YOUR ASSIGNMENT: All of the listing, from first line to last, should be output exactly; the pictures stay out.

STORED DATA:
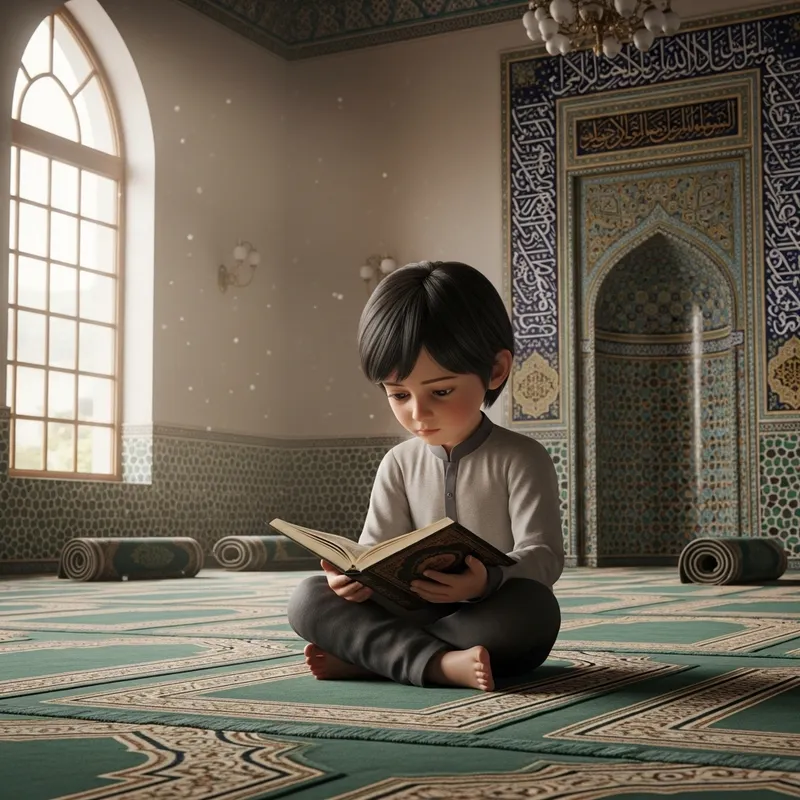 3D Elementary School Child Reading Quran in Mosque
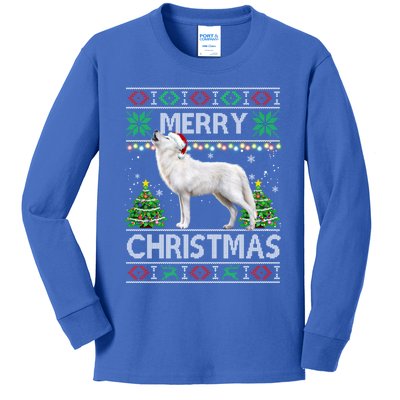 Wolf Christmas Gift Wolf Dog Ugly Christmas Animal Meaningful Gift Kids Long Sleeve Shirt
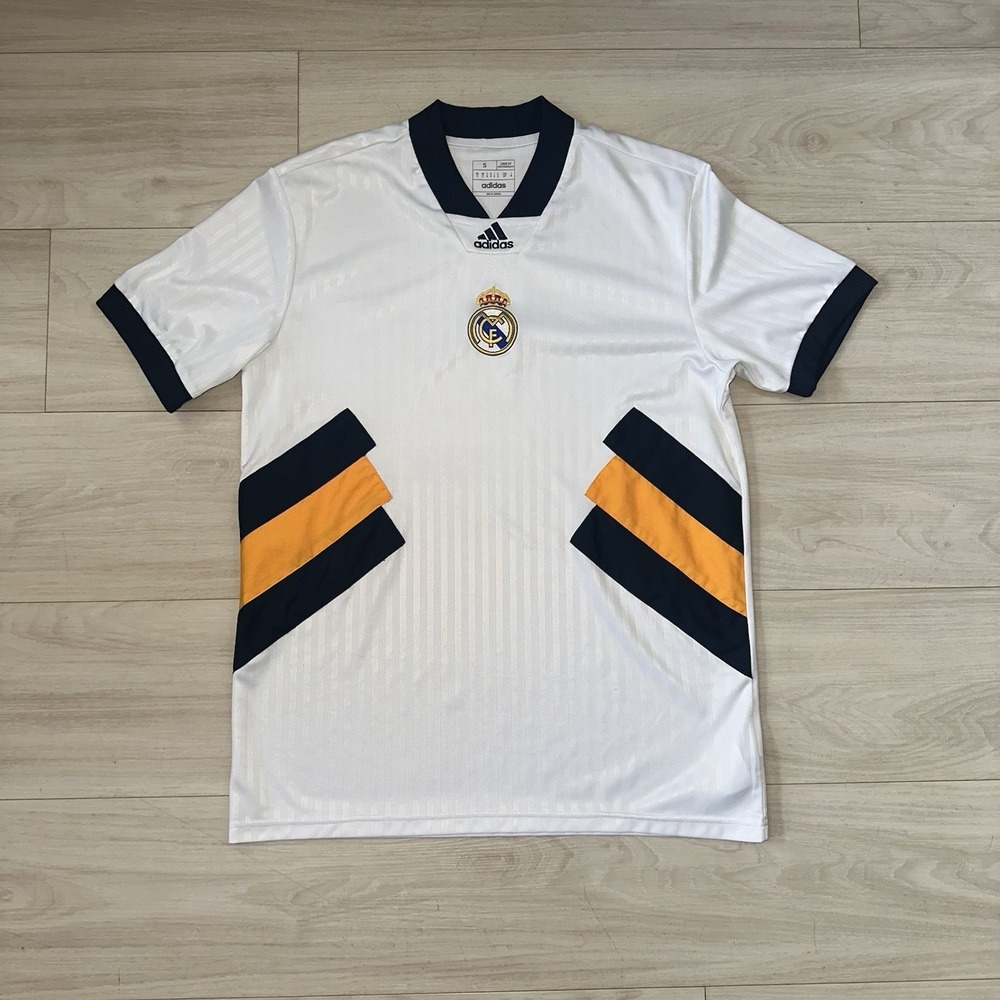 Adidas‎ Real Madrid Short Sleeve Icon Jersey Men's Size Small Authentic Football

THE ANSWER:
 3D Elementary School Child Reading Quran in Mosque
 Wolf Christmas Gift Wolf Dog Ugly Christmas Animal Meaningful Gift Kids Long Sleeve Shirt
 Adidas‎ Real Madrid Short Sleeve Icon Jersey Men's Size Small Authentic Football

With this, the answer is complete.